The Neuroinvasive Culprit

The researchers isolated a virulent strain of herpes simplex (SP7) from the baby’s brain cells, cultured it, and mapped its genetic structure. Then, one of Rosenthal’s graduate students, Dr. Hanwen Mao, currently a postdoctoral fellow at the National Institute of Allergy and Infectious Diseases of the NIH, engineered an attenuated virus, but replaced its form of the ICP34.5 protein with the ICP34.5 protein that is unique to SP7. Sure enough, when Mao injected the new ICP34.5-hybrid virus into laboratory mouse models, the mice developed symptoms of partial or total paralysis.
“It was clear that the SP7 form of ICP34.5 was the neuroinvasive culprit,” said Rosenthal, “but there are still a whole host of questions surrounding how this protein’s unique structure determines such specific viral behavior.”
The world of cell biology is all about location, he continued. A protein’s structure is what permits it to travel to different places in the cell, and different forms of ICP34.5 preferentially seek out different cellular locations.
Meanwhile, the invaded cell doesn’t like the stepped-up synthesis of protein that is required to make new viruses. In an attempt to restore order, it activates phosphorylation, an enzyme-driven process that adds phosphate groups to the gatekeeper protein to slow or stop protein synthesis. ICP34.5 counters the cell’s self-regulating efforts by turning on protein phosphatase 1 (PP1), a key cellular enzyme, to remove the phosphate block. As a result, viral proteins are made, new viruses are produced, and the cell faces certain death.
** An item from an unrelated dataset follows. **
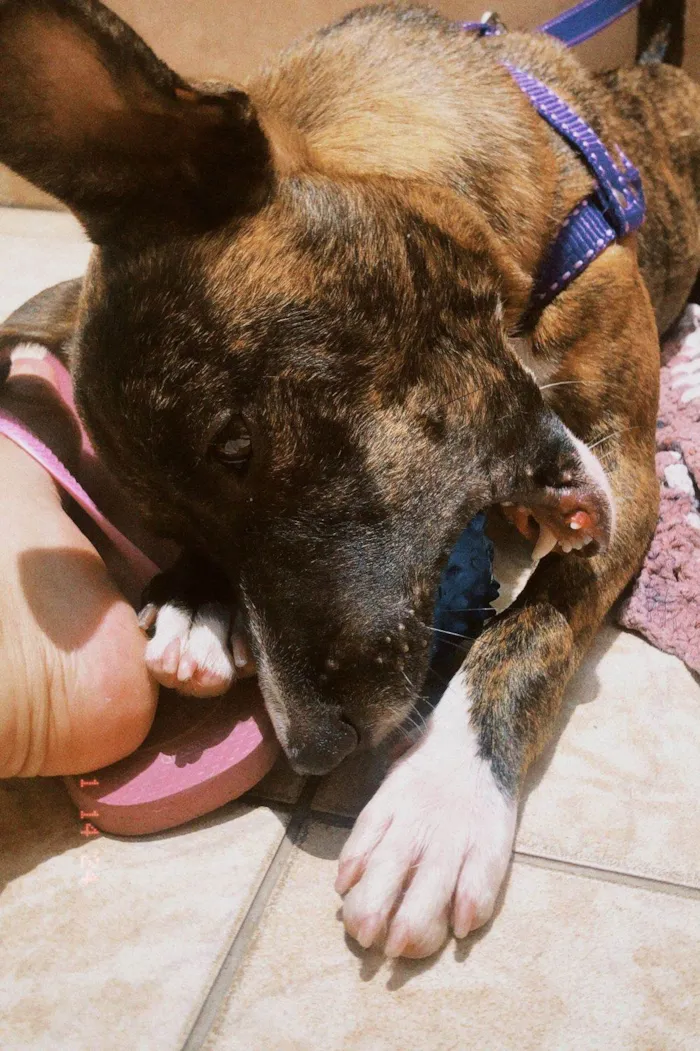 Cachorro ra a SRD-ViraLata idade 2 anos nome Tereza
Unique Biochemical Actions
The SP7 form of ICP34.5 also helps HSV escape from the body’s defenses and find a path through the neuronal highway. Normally, the body uses interferon to activate phosphorylation and protect itself from viruses, and it uses antibody to promote their elimination. The SP7 form of ICP34.5 offers two mechanisms that HSV can use to get around these obstacles. In addition to its action on PP1, the SP7 form of ICP34.5 directs the virus to cell-cell junctions, a strategy that promotes its passage up the neuronal pathway to the brain and hides it from antibody.
ICP34.5, and the SP7 strain of HSV in which it is embedded, turned out to be the biochemical component behind the newborn’s death from disseminated herpes infection. Rosenthal’s hypothesis—that the SP7 form of ICP34.5 provided unique biochemical actions that drove this virus to the brain of the newborn and caused its death—was thus supported by the laboratory findings.
Beyond its well-known embarrassing and painful symptoms, HSV has an even more serious side that lends particular urgency to herpes research. The virus can pass from mother to newborn, with deadly consequences. In the developing world, genital herpes has been identified by the World Health Organization as a major facilitator of HIV transmission. Although antiviral treatments are available, there is no way to eliminate a herpes infection.
Some scientists are investigating novel drug candidates, and others are testing vaccines to help control the virus. Finally, however, their work depends on the results of basic research. By clarifying how HSV spreads in the body, Rosenthal et al. are advancing the research of those who seek to control the virus’s spread in the community.